In case you have actively avoided hot button issues as of late, the University of Missouri is in the midst of a cultural revolution. Every school should join in. This includes the University of Rhode Island.
With the resignation of University President Tim Wolfe and the “transition” of Chancellor R. Bowen Loftin to another role, Missouri is finally headed in the right direction. However, many people do not understand that.
It is true that Wolfe and his fellow administrators were not the ones who smeared feces on a residence hall bathroom in the shape of a Swastika. Nor did they threaten to kill any minorities they saw on the campus. They weren’t even the ones to empty bags of cotton balls or write racial epithets on and in front of memorials representing black excellence. But they did nothing to stop it either, which is just as bad.
In the end, action was only made when money came into play. Many players on the Missouri football team refused to play as long as Wolfe was still president. Plenty of professors went on strike until conditions were made more inclusive to everybody and not just the white majority. In today’s circumstances, plenty of people from all backgrounds believe that just because schools are no longer separated by race, that it suddenly makes them all fair. I cannot stress enough that this is not the case. Racism does not start and end with desegregation.

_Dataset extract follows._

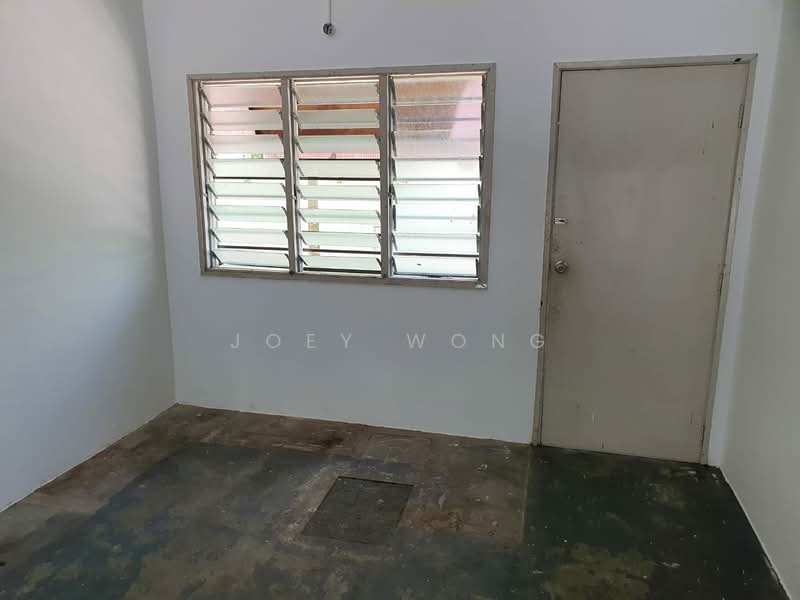 Shop for Rent in Puchong (Selangor) - Joey Wong - Interior - PropertyGuru.com.my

At the bottom of every college’s website, you will find a link to their statement of nondiscrimination. Missouri’s says the following:
“The University of Missouri does not discriminate on the basis of race, color, religion, national origin, sex, sexual orientation, gender identity, age, genetics information, disability, or status as a protected veteran.”
While the University of Missouri has a legal statement, it is clear that it was not followed after years of reported harassment to countless students that are not even exclusively black. Education is a powerful tool and inhibiting it for anyone should draw more national outrage than it has. The racial tensions we are finally seeing on mainstream media at Missouri are not isolated circumstances.
URI is not perfect when it comes to race relations by any means. The school’s Africana Studies department is one of the lowest budgeted programs in the entire university and faculty and student demographics could use more diversity among other issues. That being said, it is far better here than it is at a vast majority of college campuses across the U.S. Now is not the time to settle for what we do have, but fight for widespread equality and solidarity for Missouri, for every school in the country and for ourselves. This, of course, is far easier said than done.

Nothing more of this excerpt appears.